How do you check if DNS is blocked?
Quick Answer
To check if DNS is blocked, compare the same lookup across different resolvers, devices, or networks and look for timeouts, redirects, or filtered responses.
When a domain stops resolving, the failure may not be accidental. Some networks block or rewrite DNS responses on purpose.
Step-by-step solutions
- Test the same domain with your current resolver and with a public resolver.
- Compare the result on another device or mobile network.
- Look for timeouts, captive portal redirects, or block pages.

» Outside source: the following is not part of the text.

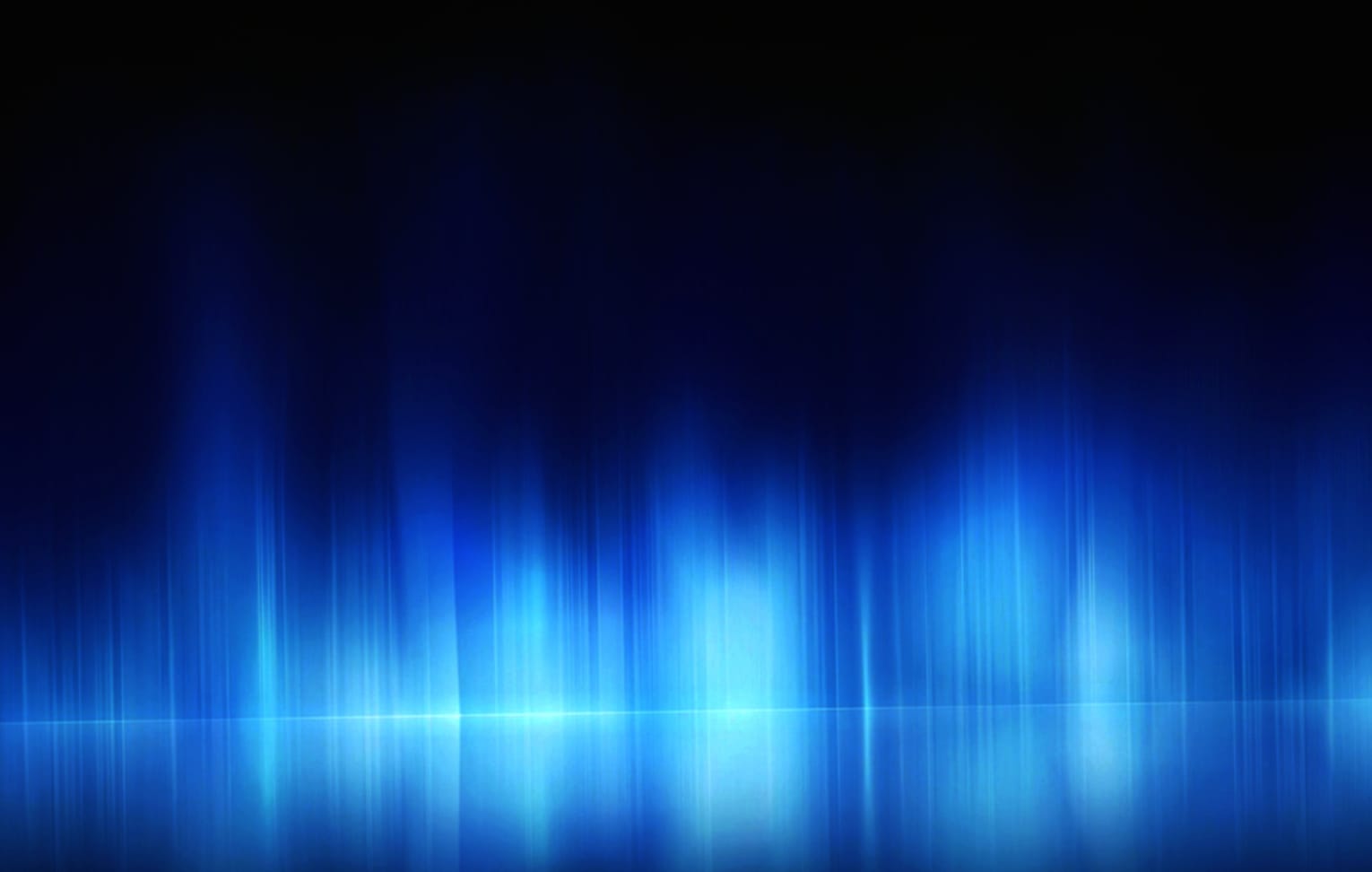 Abstract Blue Symphony wallpapers HD quality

- Check router parental controls, firewall rules, and browser secure DNS settings.
Useful commands
Windows
nslookup example.com 1.1.1.1
nslookup example.com 8.8.8.8
macOS
dig example.com @1.1.1.1
dig example.com @8.8.8.8
Linux
dig example.com @9.9.9.9
resolvectl query example.com
If the problem looks like tampering rather than policy, read what DNS spoofing is. If the failure is broader and not domain-specific, continue with how to fix DNS server problems.
FAQ
Can an ISP block DNS?
Yes. ISPs, routers, schools, and corporate firewalls can block or redirect DNS traffic as part of policy or filtering.
How do I know if a domain is filtered?
If one resolver returns the domain normally and another returns a block page, NXDOMAIN, or timeout, filtering is likely involved.
Can secure DNS bypass blocking?
Sometimes encrypted DNS avoids local interception, but network policy, firewalls, and legal restrictions can still block access.
Does blocked DNS always mean malware?
No. Many blocked lookups are caused by parental controls, enterprise policy, DNS filtering, or ad-blocking resolvers.